* _YOUR OBJECTIVE_
Copy word for word the line containing "ORSEN LCD Writing" together with all lines following it to the end of the listing below, without the pictures.

○ ○ ○ ○ ○ ○ ○

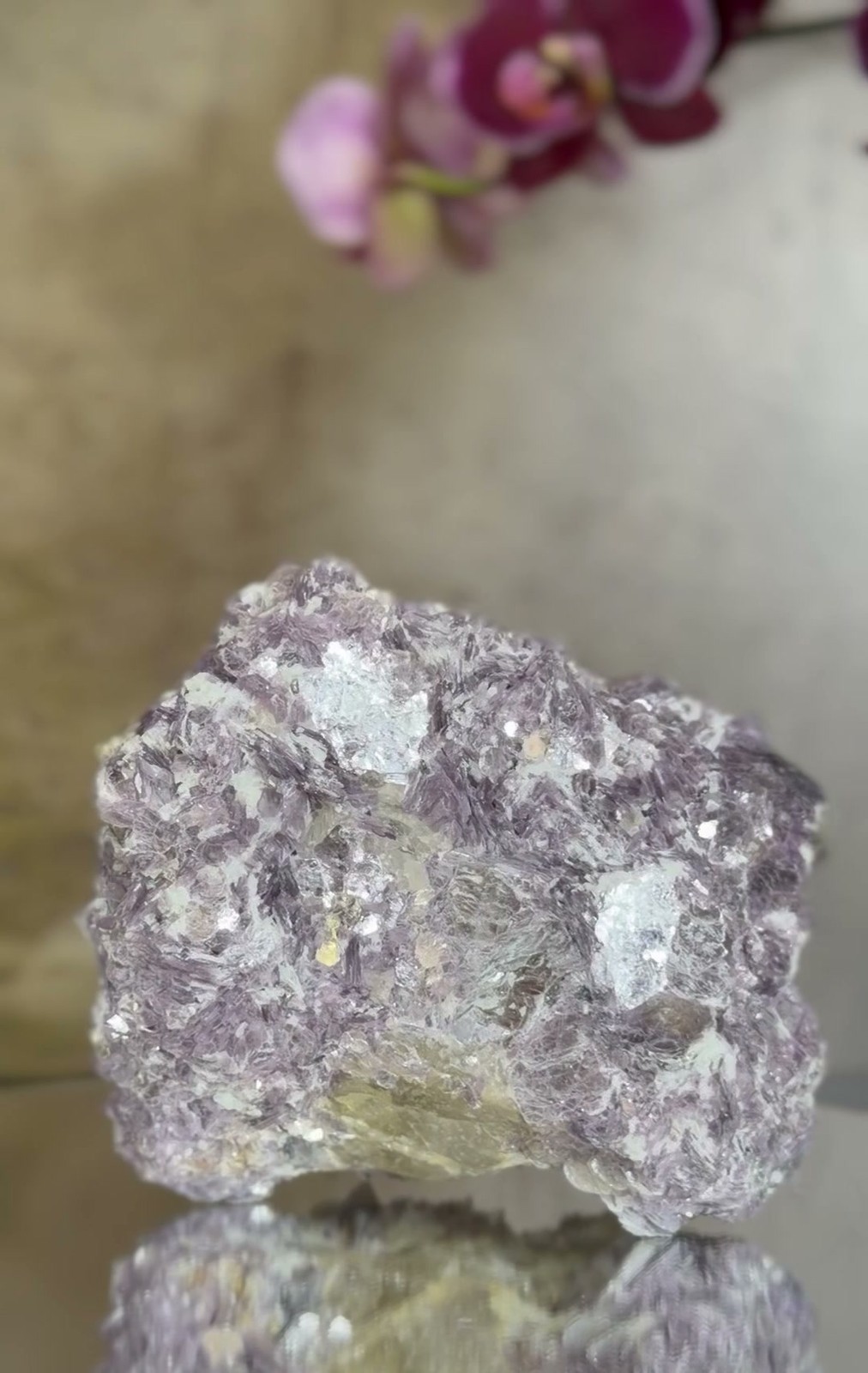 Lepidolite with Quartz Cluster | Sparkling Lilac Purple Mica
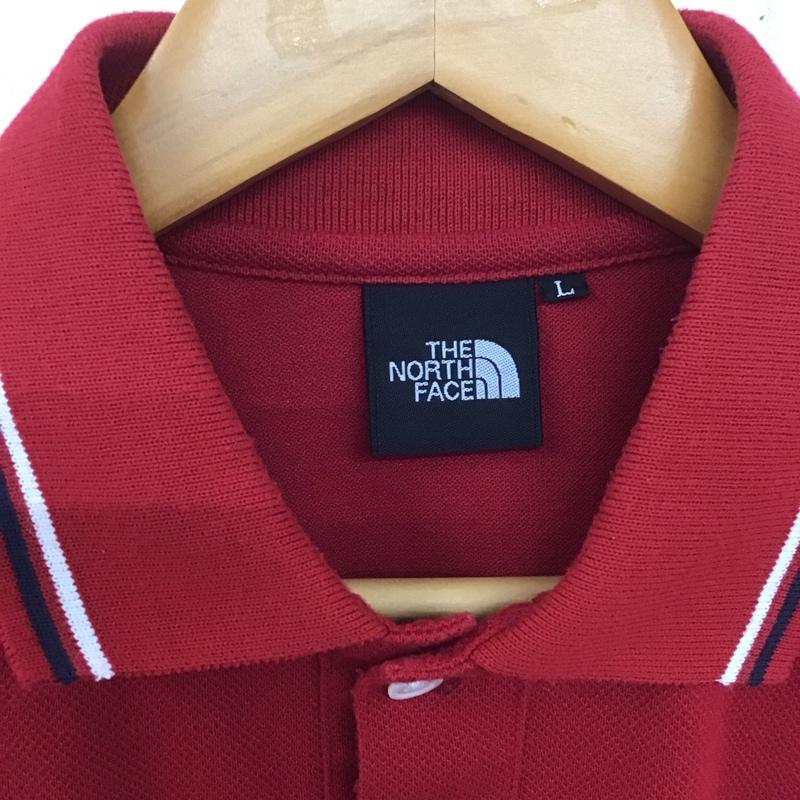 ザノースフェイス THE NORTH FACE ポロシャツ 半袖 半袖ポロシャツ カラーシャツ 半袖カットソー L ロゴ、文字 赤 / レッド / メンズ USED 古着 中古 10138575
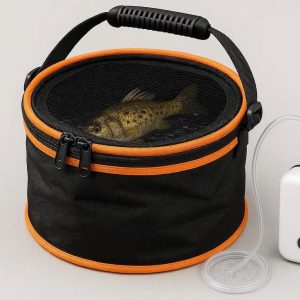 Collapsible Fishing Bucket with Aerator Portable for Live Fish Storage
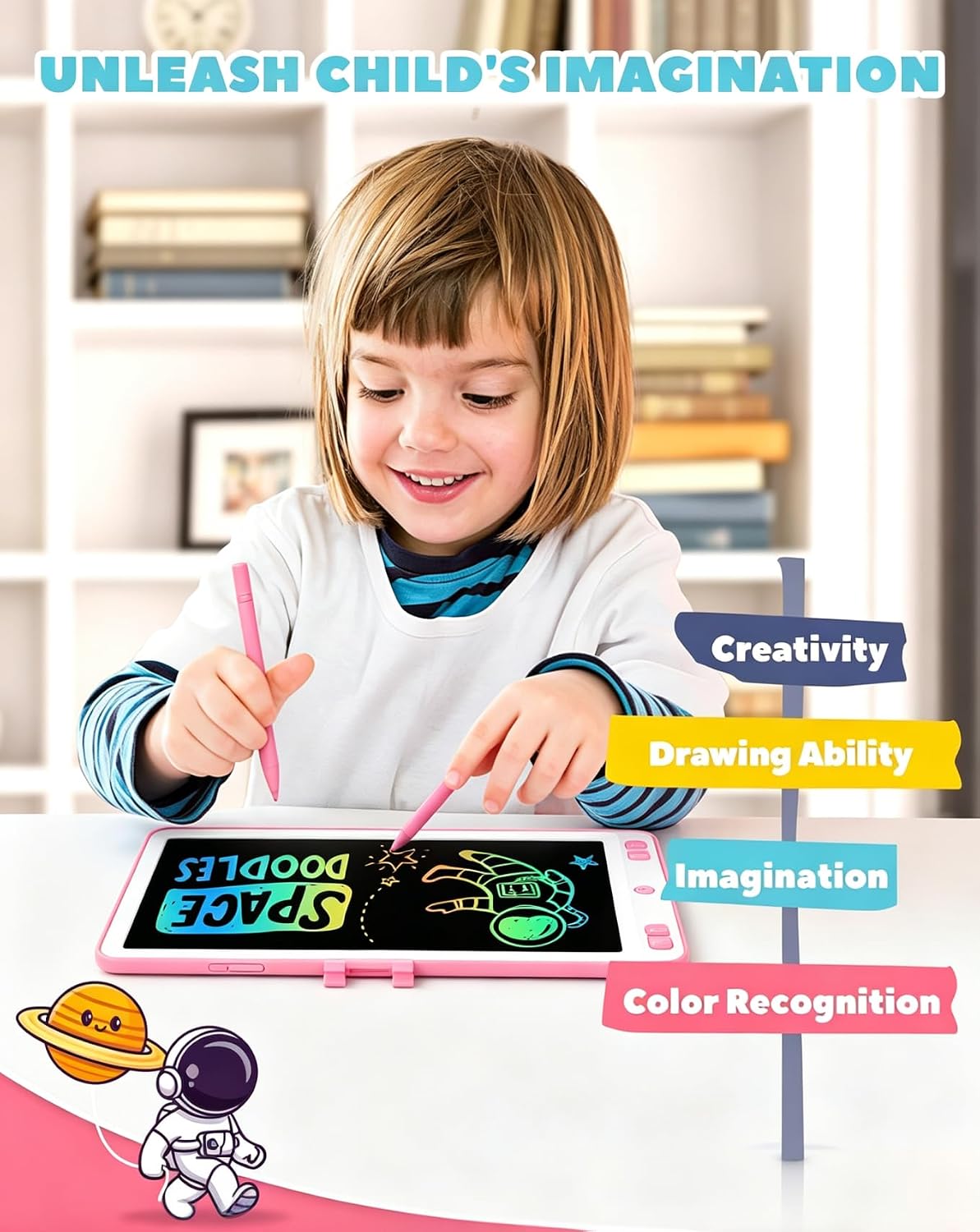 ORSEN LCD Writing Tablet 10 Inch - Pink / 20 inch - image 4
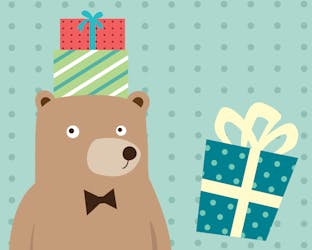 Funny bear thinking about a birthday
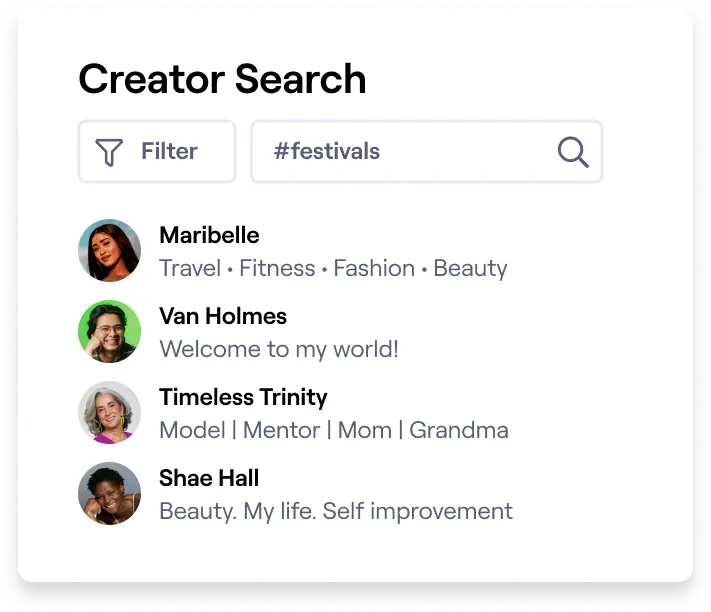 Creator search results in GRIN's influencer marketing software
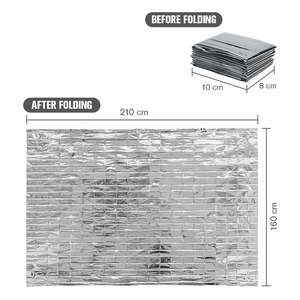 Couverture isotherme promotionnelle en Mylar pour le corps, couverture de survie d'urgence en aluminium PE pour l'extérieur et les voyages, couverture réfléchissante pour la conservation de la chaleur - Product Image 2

○ ○ ○ ○ ○ ○ ○

* _COMPLETED TASK_
 ORSEN LCD Writing Tablet 10 Inch - Pink / 20 inch - image 4
 Funny bear thinking about a birthday
 Creator search results in GRIN's influencer marketing software
 Couverture isotherme promotionnelle en Mylar pour le corps, couverture de survie d'urgence en aluminium PE pour l'extérieur et les voyages, couverture réfléchissante pour la conservation de la chaleur - Product Image 2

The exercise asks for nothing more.